Available data>
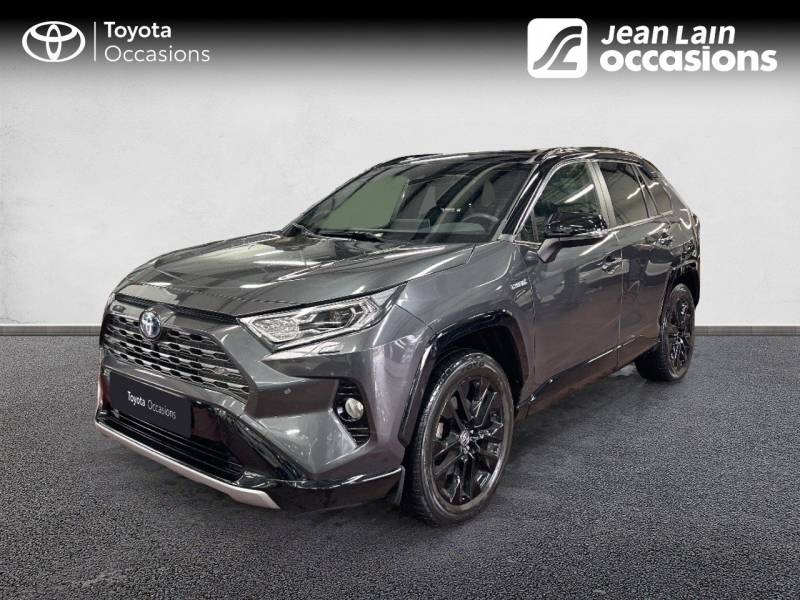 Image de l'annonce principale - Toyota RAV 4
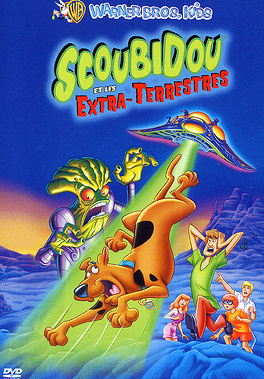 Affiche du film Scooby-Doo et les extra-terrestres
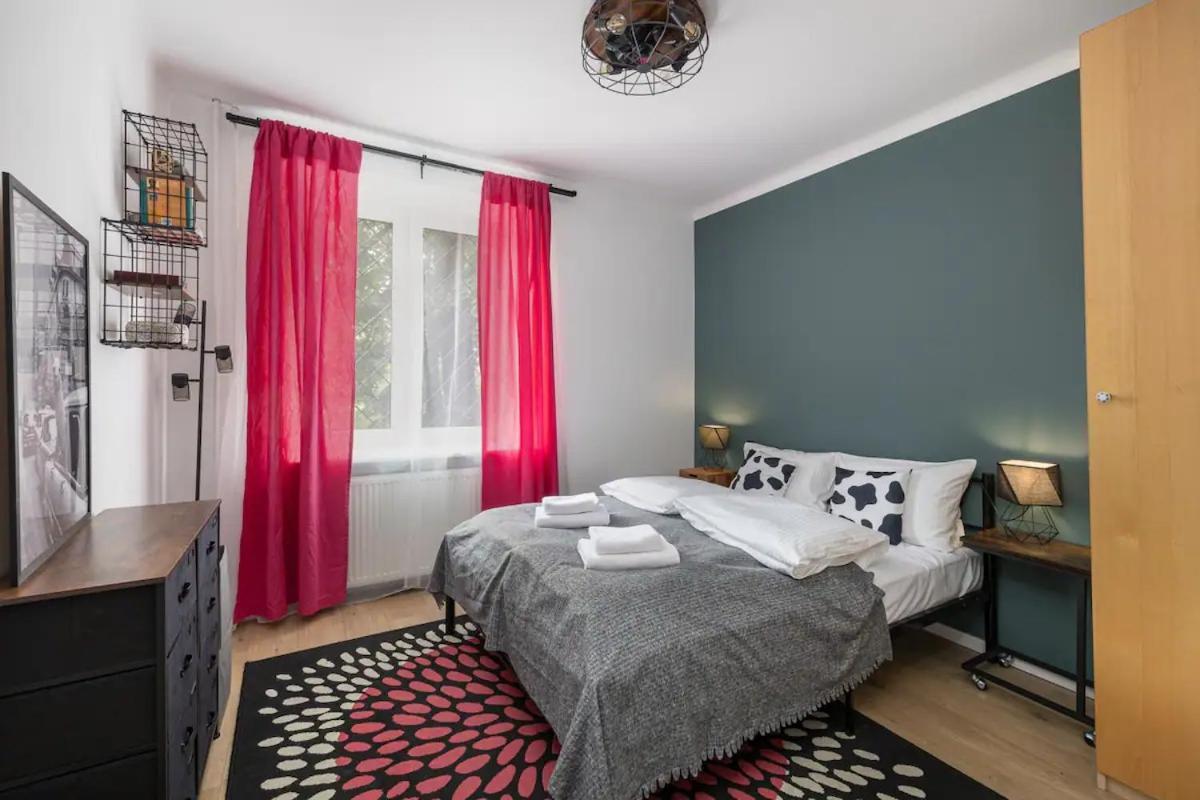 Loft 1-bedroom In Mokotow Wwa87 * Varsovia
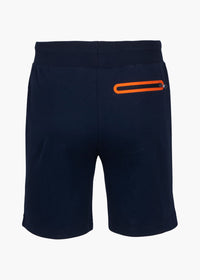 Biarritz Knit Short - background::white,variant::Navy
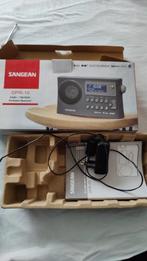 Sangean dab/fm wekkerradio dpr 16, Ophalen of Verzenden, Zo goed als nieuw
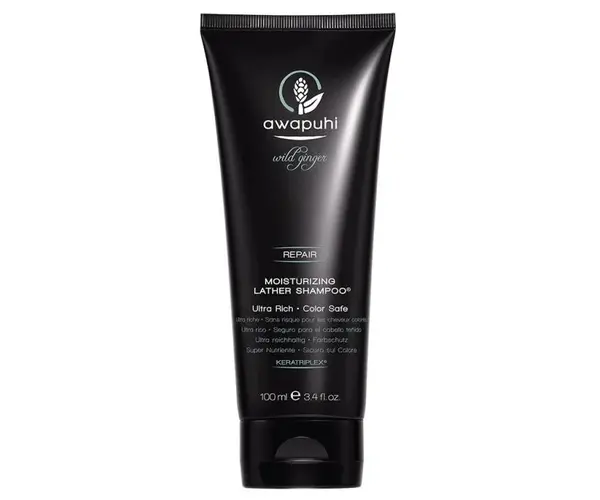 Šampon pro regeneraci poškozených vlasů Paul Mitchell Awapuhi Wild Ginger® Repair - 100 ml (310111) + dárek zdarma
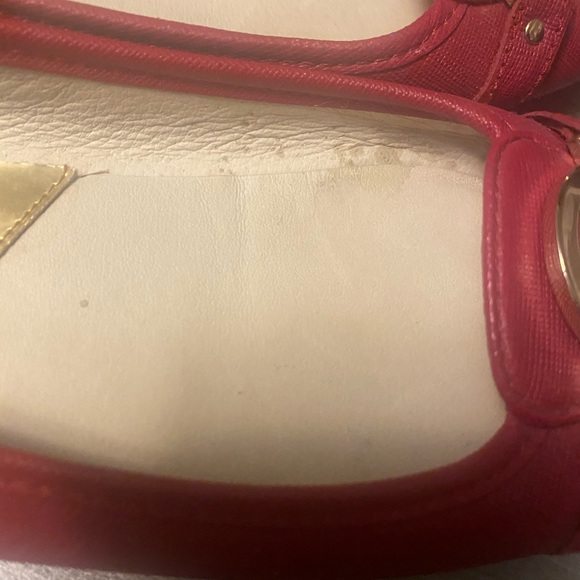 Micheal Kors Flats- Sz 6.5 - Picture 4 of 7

Work request>
Would you print, exactly as they appear, the lines from the line with "Loft 1-bedroom In Mokotow Wwa87 * Varsovia" through the end of the entries above, leaving out the pictures?

Exercise output>
 Loft 1-bedroom In Mokotow Wwa87 * Varsovia
 Biarritz Knit Short - background::white,variant::Navy
 Sangean dab/fm wekkerradio dpr 16, Ophalen of Verzenden, Zo goed als nieuw
 Šampon pro regeneraci poškozených vlasů Paul Mitchell Awapuhi Wild Ginger® Repair - 100 ml (310111) + dárek zdarma
 Micheal Kors Flats- Sz 6.5 - Picture 4 of 7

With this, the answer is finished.